PDF Indexer

PDF Indexer - Joomla PDF and DOC indexer

Index your PDF and MsWord documents and allows it's content searchable through your Joomla search functions, include Joomla Smart Search tool.

Version: 4.0 Last Updated: Jan 02 2024 Compatible: Joomla 3.9.0+, Joomla 4, Joomla 5

DOCUMENTS INDEXERv4.0 KEY FEATURES

1. Indexing pdf, doc, docx and xlsx documents and save content of these documents into database for searching. These documents can be uploaded to different directories .

2. Indexing all documents stored in a folder and all it's sub-folders within one click.

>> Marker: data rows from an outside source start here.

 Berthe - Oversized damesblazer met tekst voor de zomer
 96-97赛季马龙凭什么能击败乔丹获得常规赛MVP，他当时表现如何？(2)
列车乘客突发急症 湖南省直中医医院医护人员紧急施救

This will save time for you incase you have many documents stored in different folders..

3. Searching indexed documents via Joomla standard search .

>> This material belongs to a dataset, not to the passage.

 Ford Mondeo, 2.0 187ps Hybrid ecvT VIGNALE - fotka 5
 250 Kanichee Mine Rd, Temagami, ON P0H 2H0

4. Removing indexed content with removed files

5. Integrated with popular download extension: EDOCMAN

  • Allow indexing PDF documents stored by these extensions .
  • Allow searching for documents based on indexed content via standard search function of these components.

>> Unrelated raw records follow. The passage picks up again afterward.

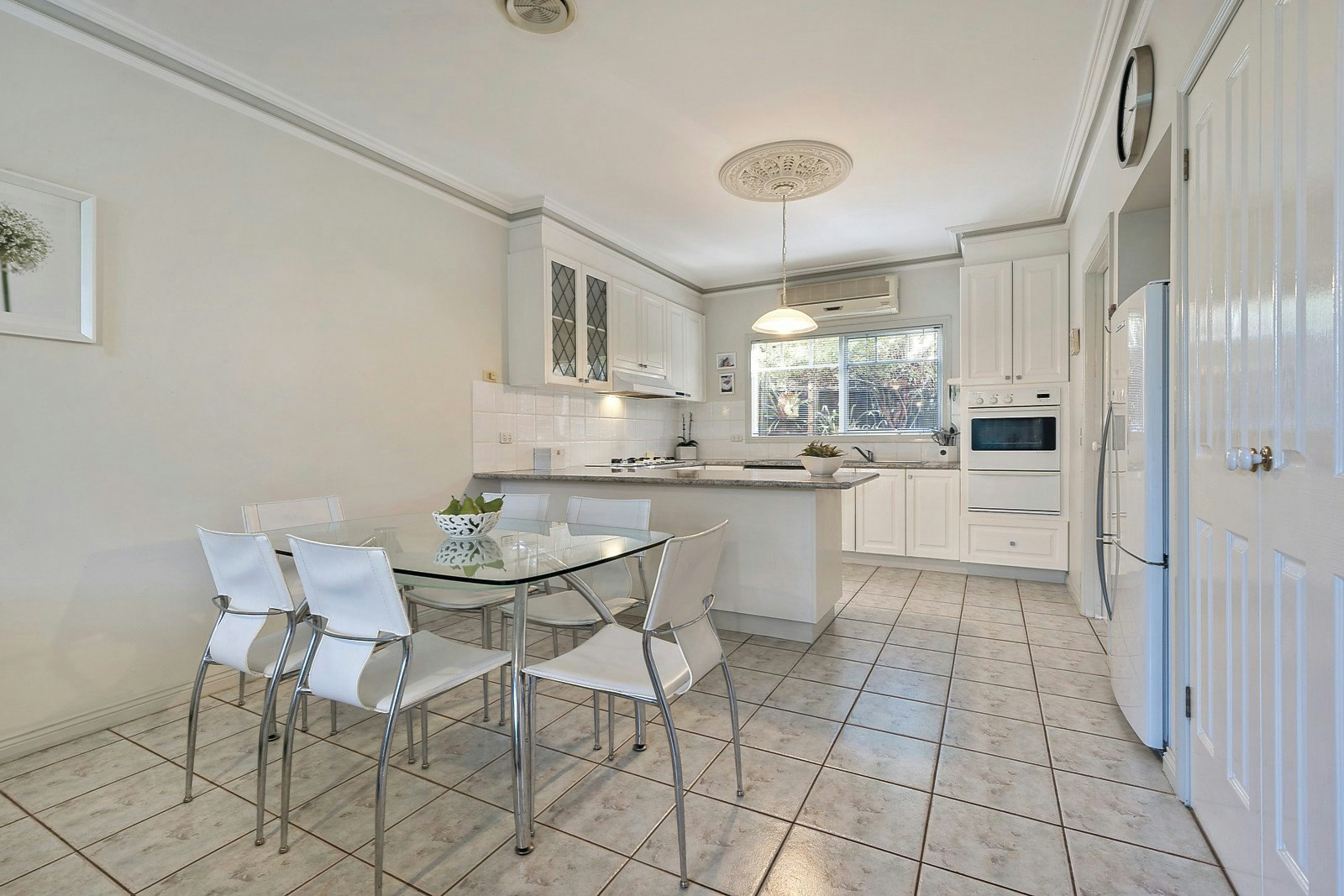 1/12 Van Ness Avenue, Glen Iris, VIC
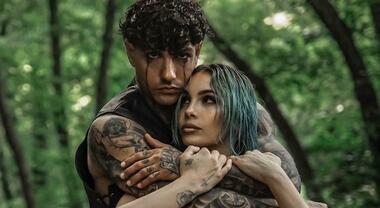 Remake de “Il corvo”, video di Tony Effe e Rose Villain al parco ...
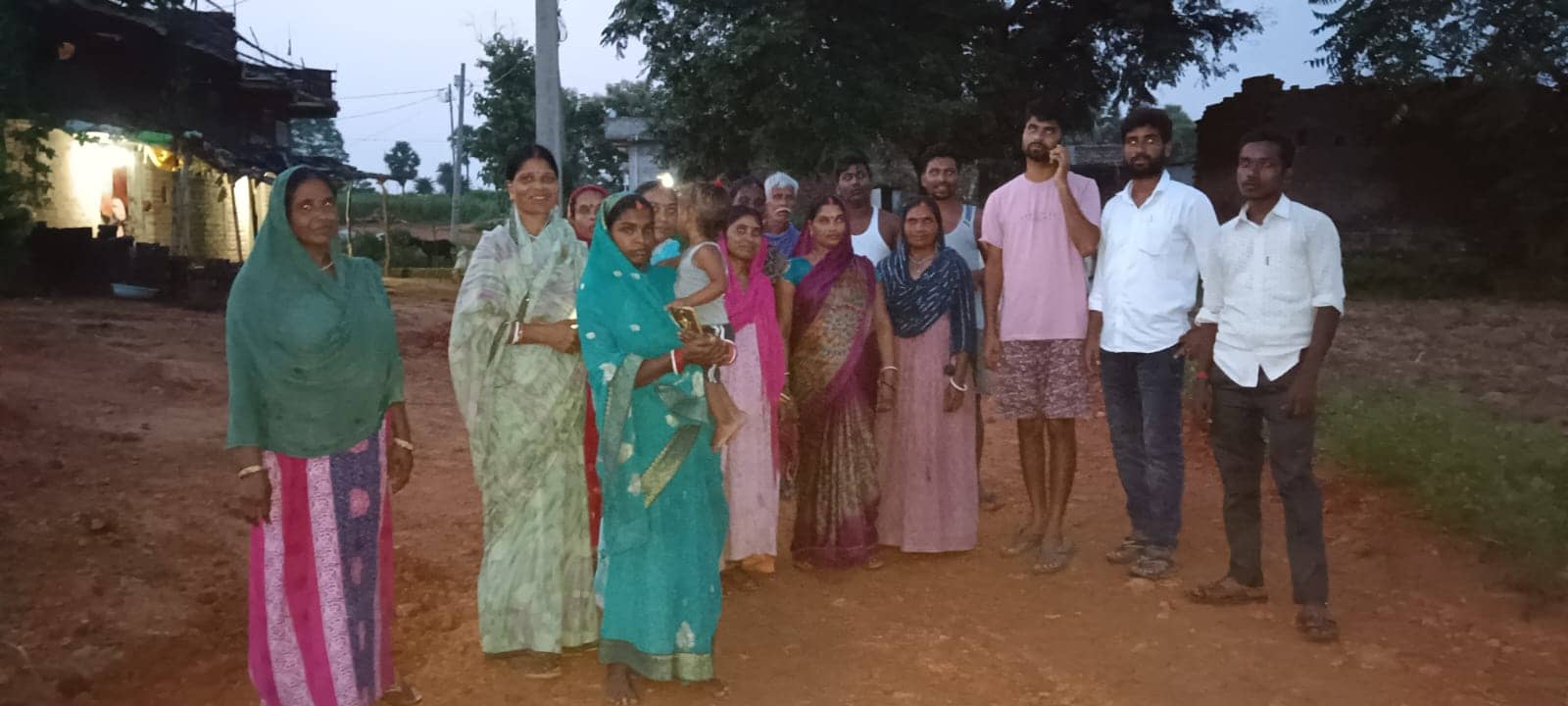 मंईयां योजना के पैसे से पलामू की महिलाओं ने बना दिया गांव की सड़क,खुद किया उद्घाटन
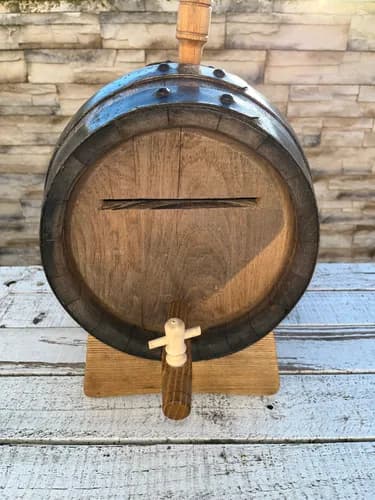 Urne tonneau en bois
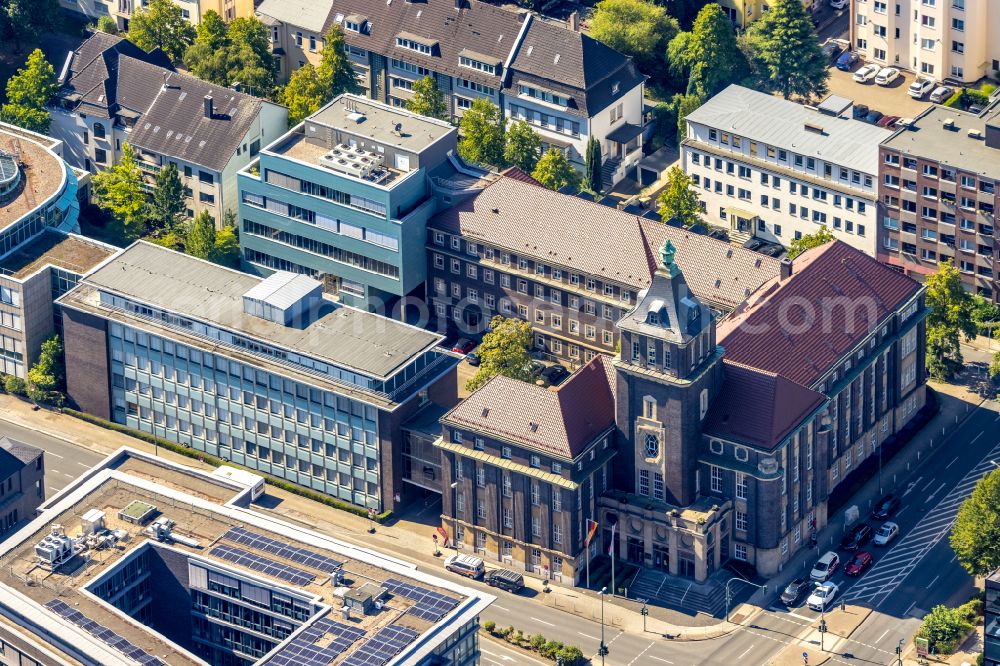 Essen from above - Office building EMSCHERGENOSSENSCHAFT und LIPPEVERBAND on Kronprinzenstrasse in Essen at Ruhrgebiet in the state North Rhine-Westphalia, Germany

6. Having option to index content of pdf files without popen

7. The extension can also be used to index word documents. However, because of limitation of the Word Indexer library which I am using, there are still problems with word documents content special character. I will try to find a better library and add it to next versions of the extension to improve indexing word documents feature.

8. Integrate with Joomla Update System

9. Compatible with Joomla 3.x, Joomla 4.x and Joomla 5.x

10. Works well on PHP 7.x and 8.x series

11. Provide option to index new documents automatically

1. Issue pdftotext: Permission denied

When you index documents and having error

/components/com_docindexer/lib/binaries/linux/pdftotext: Permission denied

in indexed content of pdf files, you can change permission of file:

/components/com_docindexer/lib/binaries/linux/pdftotext

to 777, then the issue will be solved

2. How to setup cron task to index content of new documents automatically

- Publish the plugin: Documents Indexer - Cron task

This plugin has various important parameters:

  • Integrate with Edocman documents Select Yes in case you want to index documents in Edocman documents folder
  • Number Documents will be indexed With each time running, Documents Indexer can't index all documents, you should enter a number of documents that component will index. Default is 5

- You should setup cron tasks from your server to call the direct links on your site by this commandBy default, Document Indexer extension uses a system plugin to trigger sending alert notifications. That mean it requires someone access to the site (search engine bots are also counted) to trigger process. Sometime, it is not reliable or causes multiple documents indexed in case your site has a very high traffic. To address that limitation, you can setup cron job from your hosting account to trigger documents indexing instead. Please see detailed instructions below: 

Setup a cron job to make a request to this URL using CURL (note that you should use the CURL so that the variable can be passed in the GET request, see https://stackoverflow.com/questions/11375260/cron-command-to-run-url-address-every-5-minutes for detailed instructions

  domain.com/index.php?trigger_code=SECRETCODE

  • Replace domain.com/ with URL of your site
  • Replace SECRETCODE with the secret string which you entered in the Trigger Code parameter of plugin

That will make the reminder only processed when there is a request made to that URL (which should be secret as no real users will access to that URL). It will make it more reliable compare to replying a system plugin.